WORK ITEM:
Give the data again exactly as it appears, excluding any pictures.

DATA SHOWN:
■ ■ ■ ■ ■ ■ ■
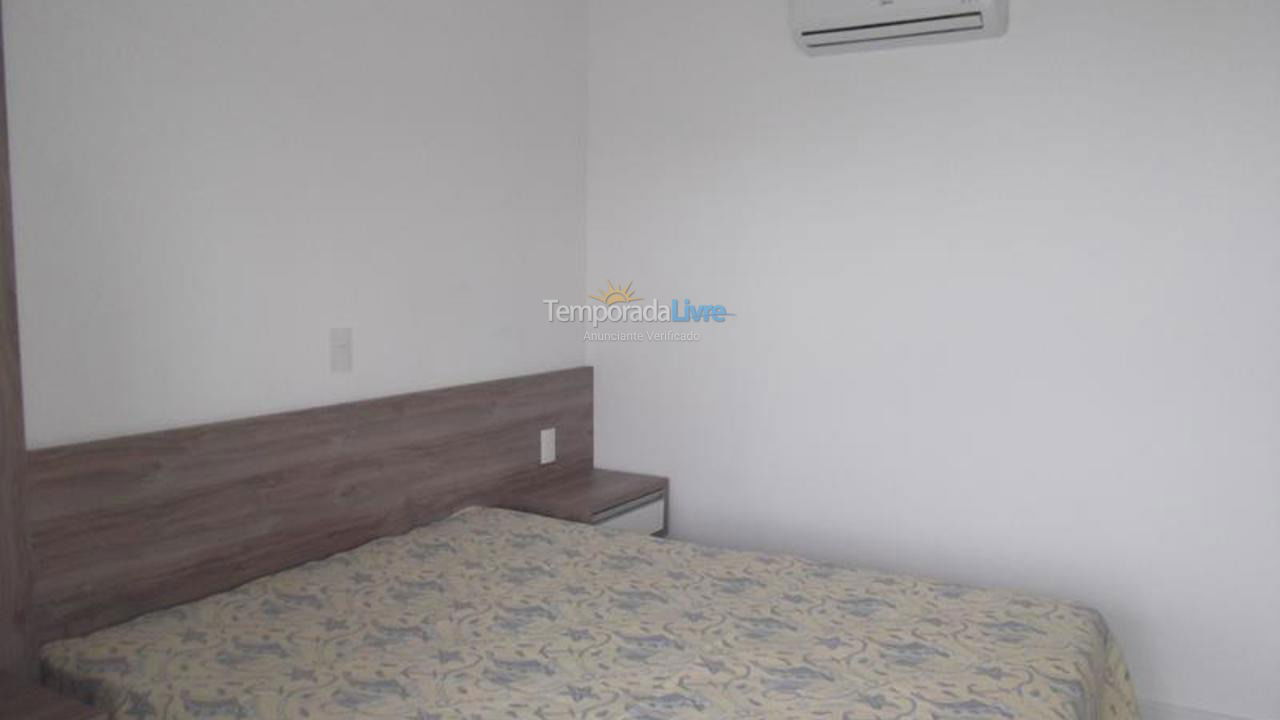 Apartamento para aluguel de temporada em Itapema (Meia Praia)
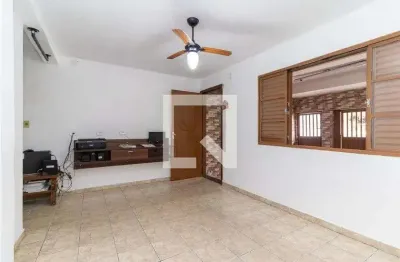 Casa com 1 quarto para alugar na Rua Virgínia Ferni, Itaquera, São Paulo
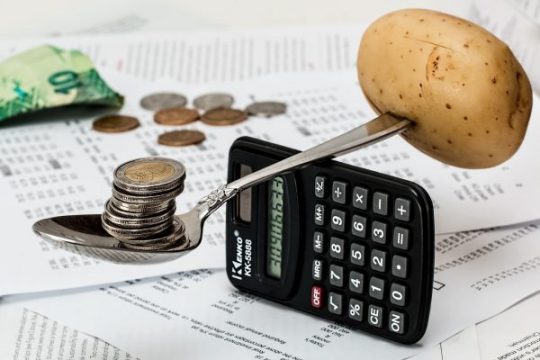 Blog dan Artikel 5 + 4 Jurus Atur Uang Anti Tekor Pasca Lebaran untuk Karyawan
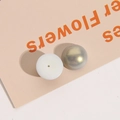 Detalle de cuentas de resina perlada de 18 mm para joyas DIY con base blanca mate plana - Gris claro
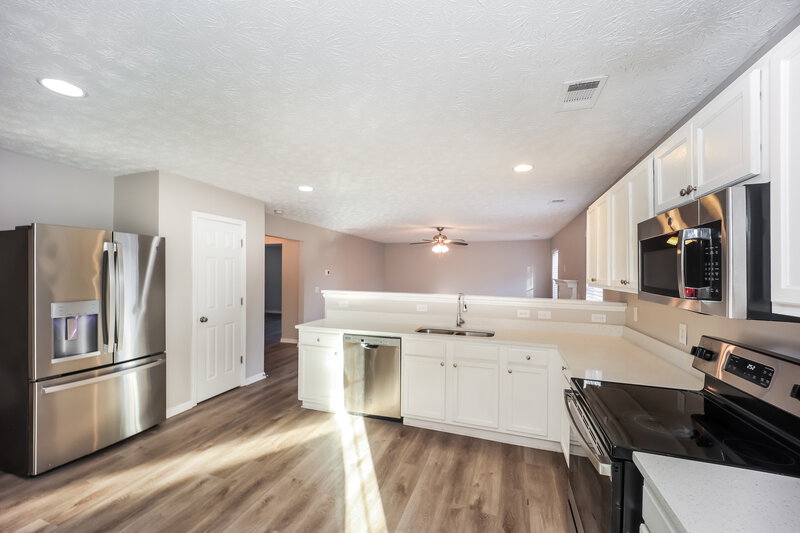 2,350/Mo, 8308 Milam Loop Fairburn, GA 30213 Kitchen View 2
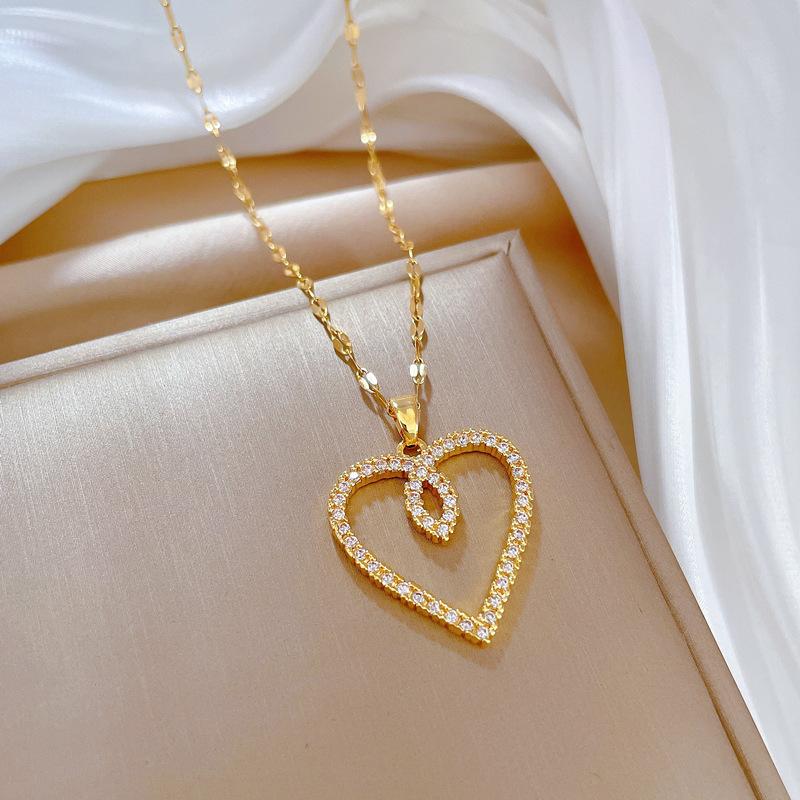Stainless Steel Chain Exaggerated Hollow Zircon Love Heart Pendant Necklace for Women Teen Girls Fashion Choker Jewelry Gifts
■ ■ ■ ■ ■ ■ ■
OUTPUT OF THE EXERCISE:
 Apartamento para aluguel de temporada em Itapema (Meia Praia)
 Casa com 1 quarto para alugar na Rua Virgínia Ferni, Itaquera, São Paulo
 Blog dan Artikel 5 + 4 Jurus Atur Uang Anti Tekor Pasca Lebaran untuk Karyawan
 Detalle de cuentas de resina perlada de 18 mm para joyas DIY con base blanca mate plana - Gris claro
 2,350/Mo, 8308 Milam Loop Fairburn, GA 30213 Kitchen View 2
Stainless Steel Chain Exaggerated Hollow Zircon Love Heart Pendant Necklace for Women Teen Girls Fashion Choker Jewelry Gifts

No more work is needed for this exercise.